“Mentre tutti guardano agli ospedali e ai tassi di occupazione delle terapie intensive e dei posti nei reparti ordinari, il territorio, che è il cuore dell’assistenza sanitaria, rischia di saltare. I nostri studi sono sommersi, come le terapie intensive nel corso della prima ondata”. A lanciare un allarme sul rischio che gli ambulatori di medicina generale collassino – a causa del dilagare della variante Omicron e delle conseguenti richieste di assistenza dei tanti contagiati – sono i medici di famiglia della Fimmg Campania. Chiedeno attenzione a un problema che “in questi giorni rischia di passare sotto silenzio. Ma che nelle prossime settimane potrebbe esplodere in tutta la sua drammaticità”.

La richiesta di aiuto

“Senza alcun supporto da parte dei Distretti e dei Dipartimenti di prevenzione anch’essi in evidente sovraccarico – dice Luigi Sparano, segretario provinciale della Fimmg – non saremo in condizione di reggere ancora a lungo l’impatto della variante Omicron.
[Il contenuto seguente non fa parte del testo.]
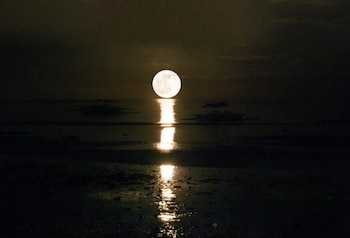 Villa Umi Panglao Resort,Dauis>>Bohol,3 star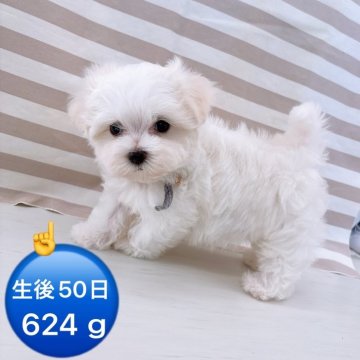 マルチーズ【群馬県・男の子・2024年11月25日・ホワイト】の写真「マイペースな白いふわふわな僕🐶‪🫶」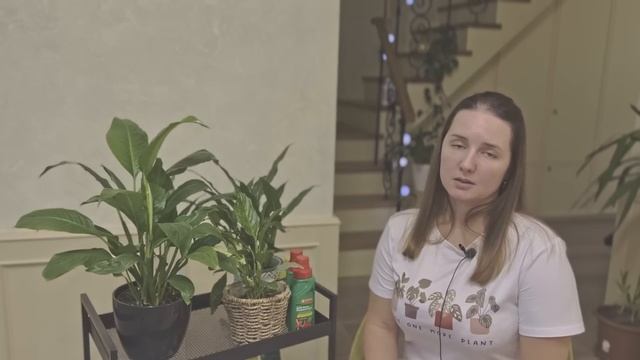 №77. Спатифиллум. Удобрения. Как понять чего не хватает и какое удобрение вносить. смотреть онлайн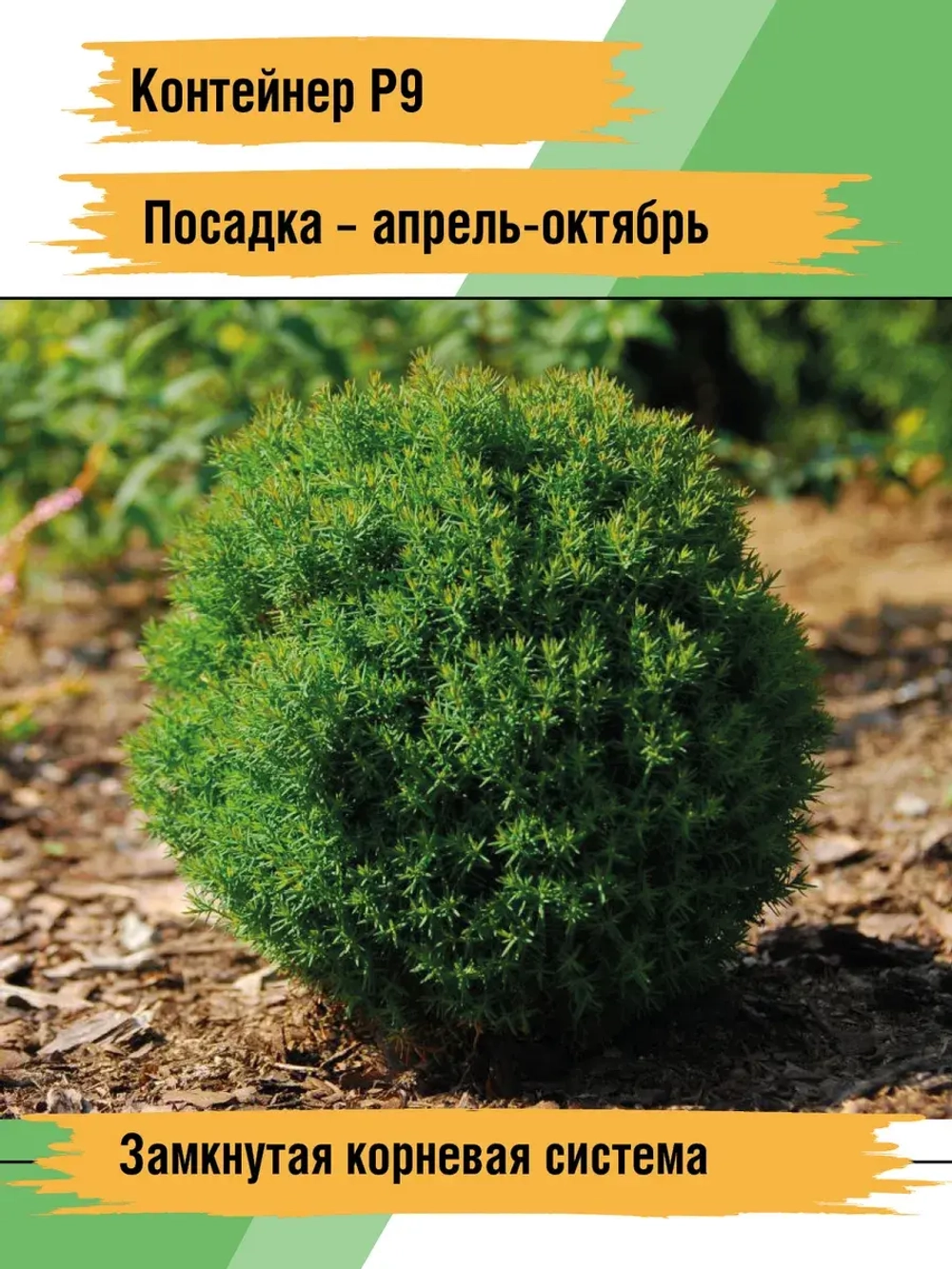 Саженец Туя западная Тедди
Non porta a un numero elevato di ospedalizzazioni, ma che ricade invece completamente sulla gestione assistenziale del medico di famiglia”. Tra positività, quarantene, terapie domiciliari e consulti telefonici, sono centinaia le richieste che quotidianamente arrivano ai singoli medici di medicina genare. Richieste di assistenza che si sommano a quelle in presenza negli studi, spiegano i camici bianchi. “Reggere quest’onda d’urto – continua Corrado Calamaro, segretario amministrativo Fimmg – non è possibile. La minore gravità dei pazienti affetti da Covid si traduce in un carico impossibile da sostenere. Anche perché al medico di medicina generale viene demandata anche tutta la burocrazia legata alla gestione della malattia”.